Much like with Franzen when he writes about things outside of Minnesota, I honestly think Zadie Smith loses her spark when she goes beyond (Northwest) London. On Beauty is undeniably well written (you don’t say…), but it’s simply not as witty as White Teeth or even NW (whose recent BBC adaptation I had to stop watching after 20 minutes as I found it excessively intense and humourless). Maybe it just doesn’t work as campus novel, or maybe I’ve had too much of the pettiness of some academics in real life, but to me so much of the book just reads like the script from an episode of Black-ish, a sit-com that I really don’t find particularly funny.

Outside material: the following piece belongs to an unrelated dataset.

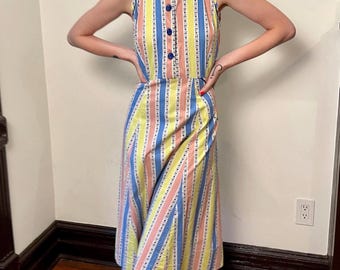 1940er Jahre Sommer Sommerkleid gestreiftes Baumwollkleid fit und flare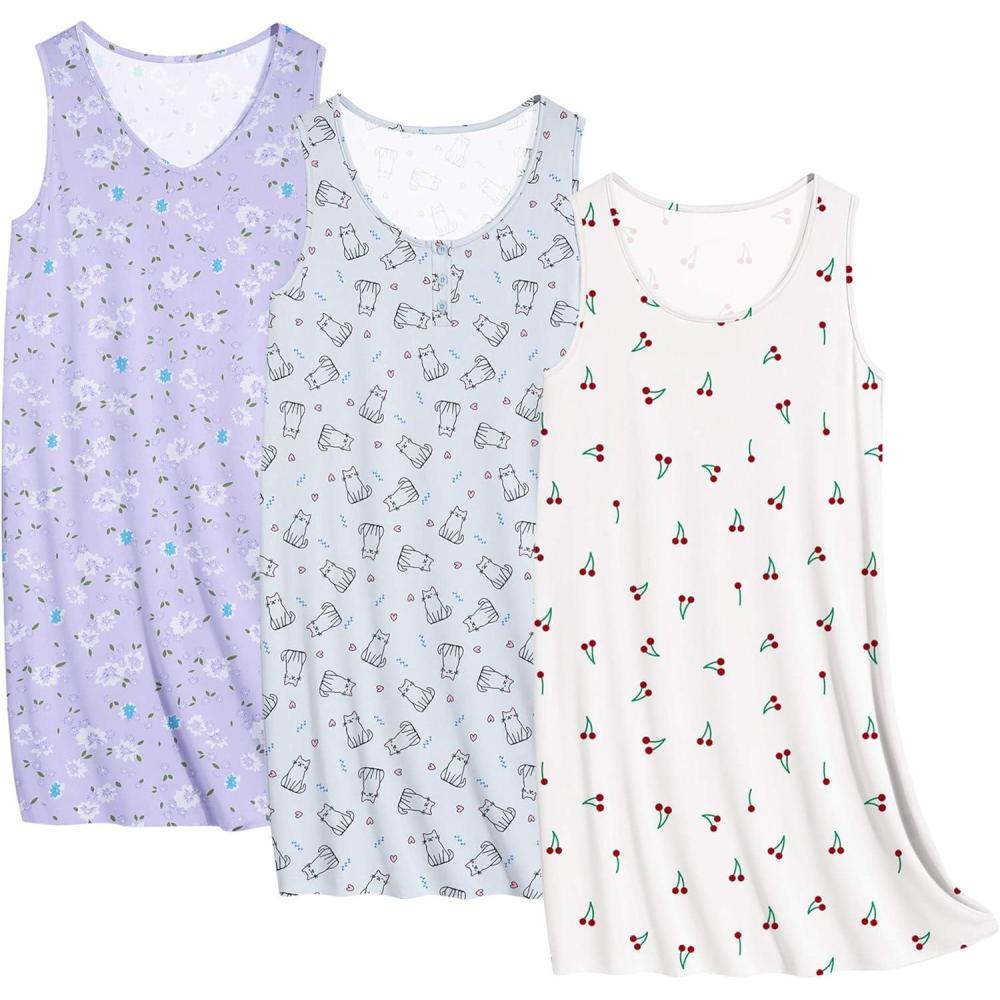 imageEkouaer 3 Pack Nightgowns for Women Sleeveless Sleepwear Button Down Nightshirt Wide Strap Tank Sleep Shirt S3XLPurple Floralcatcherry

What probably disappointed me the most was the big faculty meeting towards the end of the book – I was expecting something as epic as the FutureMouse conference from White Teeth, but instead I actually got a bitchy, well, faculty meeting…

The Crossing – Cormac McCarthy

One of those authors whose books I have both loved (All the Pretty Horses, The Road) and thoroughly disliked (No Country for Old Men, Blood Meridian) – luckily The Crossing belongs to the first of the two categories. Also, and this is a huge plus, my daughter seemed to really enjoy the book – although I am not quite sure whether that was because of the blood, because I stammered so often as I tried to read it to her (damn punctuation, or lack thereof!) or because of the contrast of colours on the cover (the options are clearly given in order of increasing probability).

The Crossing is probably the most touching of the books by McCarthy that I have read, because it’s a wonderful story about defeated humble people and their attempts to, fundamentally, get what is legitimately theirs, overcome moments of sheer horror, and get by with a little help from their friends (or from complete strangers, as in the case of the truck-load of Mexican workers or the doctor). In addition, the two brothers somehow kept on reminding me of my two cousins (who do live in the countryside, but that’s pretty much where the similarities end objectively) and more than any other of his books, this novel made me think of my favourite (although not particularly celebrated) Italian spaghetti western, Quien Sabe?/A Bullet for the General.

So yes, one of the best reads of 2016 and possibly the book by McCarthy that I enjoyed the most. 

Treasure Island – Robert Louis Stevenson



One of the books I postponed reading for, well, about 19 years. The first 4 of those years were because I didn’t feel like reading anything anyway, the following 15 because why reading a book when you already know the story and you are afraid of getting Jethro Tull’s Mother Goose stuck in your head as you read it (“Four and twenty labourers were labouring, And digging up their gold, I don't believe they knew that I was Long John Silver”)?

Well, turns out that you should read this book despite the fact that you already know how it will end because it’s possibly the greatest novel ever written. It combines the sense of adventure of The Lost World or 20.000 Leagues under the Sea with a plot that is ever so slightly less improbable, and Stevenson’s prose is unparalleled – meaning that for me the book ranks up there with Around the World in 80 Days.

As far as bad guys that are actually (maybe possibly) not so-bad (and may have fallen on hard times so might deserve our understanding) Long John Silver is second to none, despite the fact that the narrator is a bit of a know-it-all.

I am not that familiar with contemporary fiction for young-adults, but I really don’t think there is anything that could come even remotely close to this.